About OpenFormula

Author: The OASIS Office Formula Subcommittee

OpenFormula is the informal name of the [WWW] OpenDocument formula specification. The OpenFormula draft specification describes how to exchange recalculated formulas between any two applications (primarily spreadsheet programs). Anyone can implement this specification, both proprietary and open source software projects, and it's being developed through the cooperation of a large number of competing implementors.

OpenFormula is designed to let you own your own data, so you can choose which spreadsheet application you want to use, and still exchange data with people who made different choices. As a result, countries can remain sovereign from their suppliers, organizations are no longer entrapped by any particular supplier, data will be accessible far into the future, and anyone can innovate and use the innovations of others.

OpenFormula only covers recalculated formulas (such as those for spreadsheets). For the display of arbitrary mathematical expressions, OpenDocument uses MathML, the standard for displayed mathematical expressions in XML-based documents. MathML and OpenFormula are complementary standards, for example, the OpenFormula specification uses MathML to describe functions.

This page provides some information that counters some common myths, provides the current schedule, and describes some of the key advantages of OpenFormula. It then discusses issues related to supersets and subsets, and the "grouping" system in OpenFormula that we believes meets the needs of both implementors and users. This page then gives a brief history of OpenFormula, and explains how you can be confident that OpenFormula is an open standard. This page concludes by explaining how you can get more information.

Countering Myths

First, let's dispel some two myths:

Myth #1: You can't exchange spreadsheet files between applications that use OpenDocument format.

People are already routinely exchanging OpenDocument spreadsheet files, including formulas, between different applications. The OpenDocument specification itself, plus the hard work of many developers means that people are already quite successfully exchanging spreadsheets. That's in spite of concerns and carefully-crafted "problems" of years ago. It's also important to note that some of the old tests (such as those of NewsForge) used carefully-crafted formulas to cause problems, or used a very old version of KOffice, which had a poor formula engine. Much has been improved since then, in particular, the KOffice formula engine has since been completely replaced with a much better implementation.

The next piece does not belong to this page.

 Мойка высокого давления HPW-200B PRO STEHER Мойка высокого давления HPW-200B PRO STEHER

And remember that if you "can't" exchange spreadsheet files using OpenDocument, the alternatives are worse. People who say "OpenDocument can't exchange spreadsheet formulas, because the definition isn't published in a final form" often use Excel's ".xls" - yet this is an essentially undocumented format! OpenFormula is already far better defined than ".xls" format, and in any case, this format is being abandoned by all spreadsheet developers. The other likely alternative is Microsoft's XML format, but this is much less mature than ODF's format (see below for more). What's worse, both of those formats are completely controlled by a single vendor who has a financial incentive to inhibit open competition. Not a good idea if you wish to be sovereign from any particular supplier.

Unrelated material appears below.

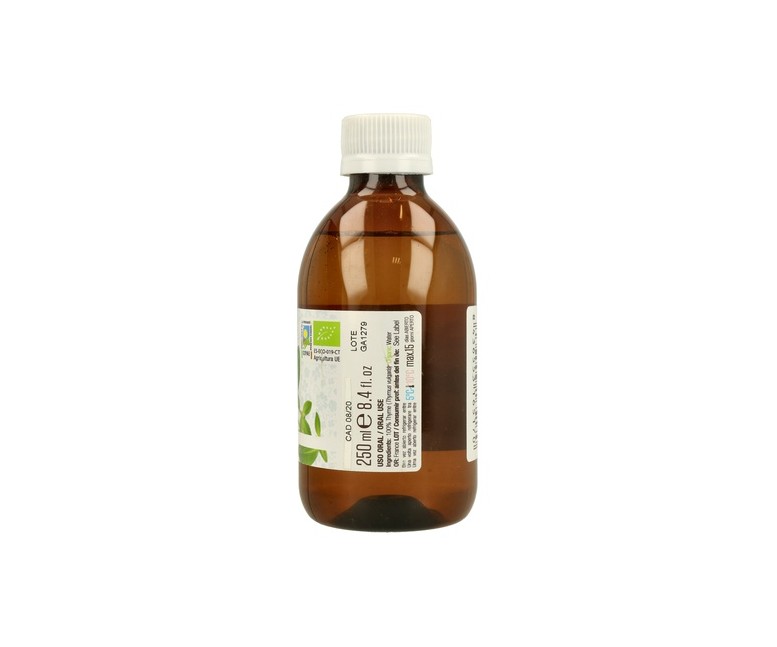 Agua de Tomillo Linalol Hidrolato Bio 250 ml de agua floral Terpenic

So, go ahead and use OpenDocument right now, even for spreadsheets; typical spreadsheet formulas already exchange very well between OpenDocument applications.

Myth #2: It's okay to leave formula formats undocumented.

While files can be exchanged today between applications without a formal specification, in the long run open, public specifications are very important for full interoperability of formulas.

OpenDocument is the first format spec to include a formula specification. Contrary to what this myth might suggest, no format specification before OpenDocument format included an open specification for spreadsheet formulas. The lack of a formula specification in OpenDocument 1.0 was not an aberration. Rather, the OpenDocument community was the first in history to recognize the need for a formula specification, and wanted to ensure that it was done well. As such, we are at the forefront of the development of Open Standards. This need was first discussed in the OpenDocument TC in 2004, and it was agreed that it would be valuable (and that it would need to be done separately). The first draft of OpenFormula was released in February 2005, and was informally developed through the interaction of many in the community of OpenDocument users and application developers. OASIS formally established the formula subcommittee on February 2006; the subcommittee uses the OpenFormula project's specification as their base document.

Even more importantly, the OpenFormula specification is being developed through an open process, including competing vendors and several volunteers. It includes input from multiple implementors and multiple users, without domination and control by any.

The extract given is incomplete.